Mahawan lebih lanjut menguraikan ada beberapa contoh gerakan yang bisa dibangun oleh para tokoh agama dan guru untuk disampaikan ke komunitas mereka masing-masing. Misalnya gerakan penghematan bahan bakar dengan mengurangi penggunaan kendaraan pribadi hingga penghematan energi listrik di rumah dan di mana pun.

"Kebetulan di tempat saya sedang membangun masjid. Nah itu saya sarankan kalau bisa konsep masjidnya itu pun konsep masjid ramah lingkungan. Jadi, misalnya, desainnya kalau bisa itu cahaya cukup dari luar, sehingga pada siang tidak perlu menyalakan lampu," tutur Mahawan.

Dia juga menambahkan perlunya desain gedung dengan sirkulasi udara yang baik. "Kalau bisa desain gedungnya itu gedung yang adem sehingga AC hanya digunakan pada saat panas terik. Cukup dengan udara ambien yang ada, dengan desain itu bisa tetap adem."

Perilaku individu jemaah juga perlu diubah menjadi lebih ramah lingkungan. Contohnya adalah dengan mengurangi penggunaan kendaraan bermotor saat ke rumah ibadah dan menghemat penggunaan air, misalnya untuk berwudu.

"Air kan menggunakan listrik juga pompanya," kata Mahawan. "Kerannya jangan dibuka gede-gede." Selain disampaikan lewat tokoh agama, gerakan menghemat air dan listrik juga bisa diberitahukan lewat stiker dan poster yang dipasang di tempat-tempat terkait.

Ramon Tungka juga memberi contoh hal kecil yang bisa dilakukan masing-masing orang mulai dari diri sendiri. Misalnya dengan terbiasa membawa tumbler atau botol minum dan tempat makan untuk mengurangi penggunaan wadah dan gelas plastik dan produk plastik sekali pakai lainya.

"Perubahan perilaku masyarakat tidak akan berhasil bila tidak melalui hal-hal kecil," ujar Ramon. Aksi nyata yang meski terlihat kecil kalau dijalankan bersama-sama akan bisa membuahkan kebijakan baru untuk bersama.

"Ketika kebijakan baru lahir, saya percaya akan lahir budaya yang baru. Akhirnya menjadi budaya kita untuk membawa tumbler ke mana-mana. Yang awalnya tujuannya untuk menghambat perubahan iklim, tapi kemudian jadi budaya. Pergi ke luar rumah gak bawa tumbler rasanya jadi enggak enak gitu."

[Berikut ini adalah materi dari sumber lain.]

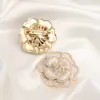 Broche de Camelia de Perlas de Lujo Ligero de Alta Calidad Aleación Goteo de Aceite Clásico Vintage Rosa Pin Fijo Antideslizante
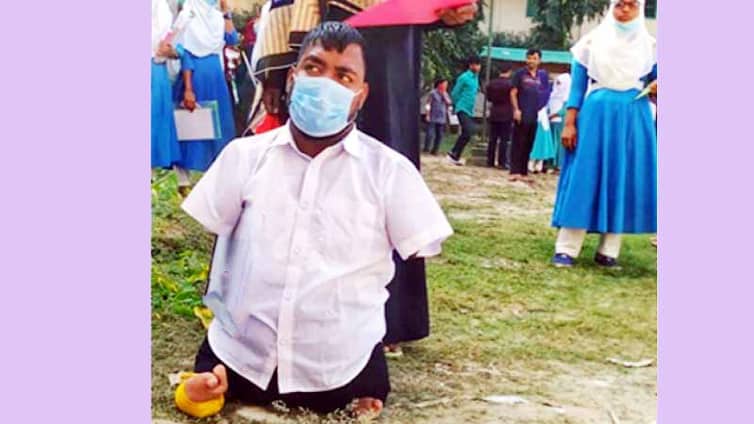 পায়ে লিখে এসএসসি দিচ্ছেন অদম্য সালাহ উদ্দিন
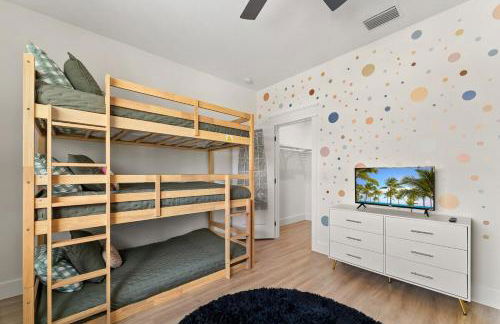 Peacock Palace Brand New Heated and Chilled Pool Golf Gym - Foto 12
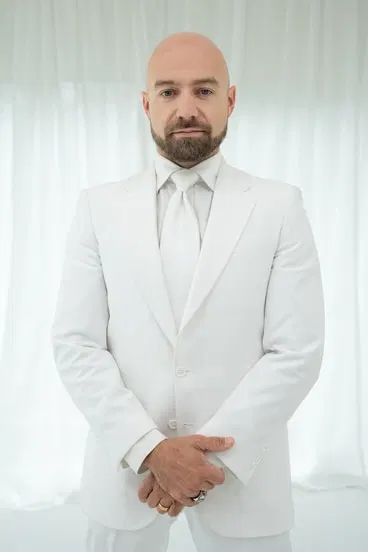 Adam Snow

Didi Kaspi Kasim, Editor in Chief National Geographic Indonesia. (Donny Fernando/National Geographic Indonesia)

Editor in Chief National Geographic Indonesia, Didi Kaspi Kasim, yang bertindak sebagai moderator dalam acara diskusi ini, menegaskan para tokoh agama dan guru perlu menggaungkan gerakan penurunan GRK demi menghambat laju perubahan iklim ini ke sebanyak mungkin orang.

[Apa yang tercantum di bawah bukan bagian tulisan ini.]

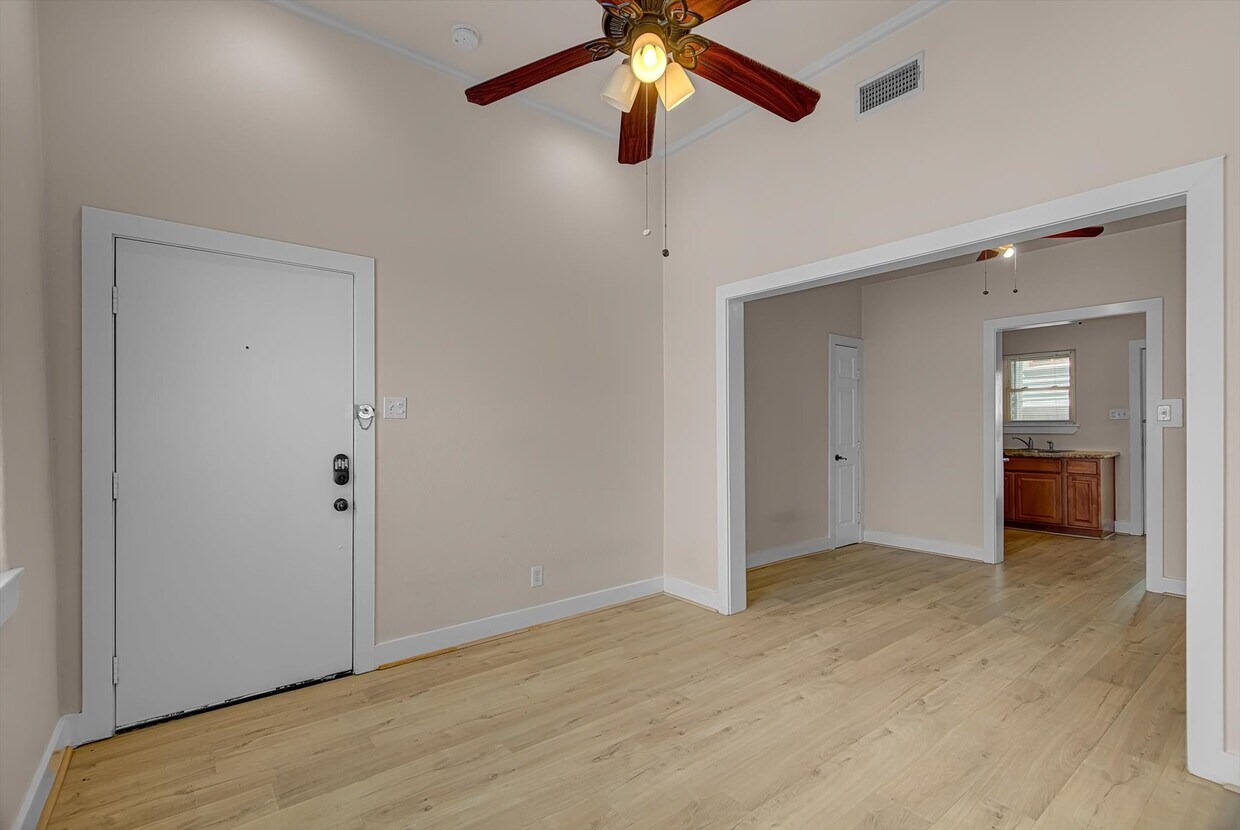 Foto principal - 1017 11th St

"Para pengajar, key opinion leaders, tidak bisa hanya menggiatkannya di ruang-ruang kelas," ujar Didi. "Nampaknya kita harus mulai lagi lebih aktif berbicara di ruang-ruang publik dan menarik keterlibatan lebih banyak orang lagi. Karena persoalan perubahan iklim ini kian nyata."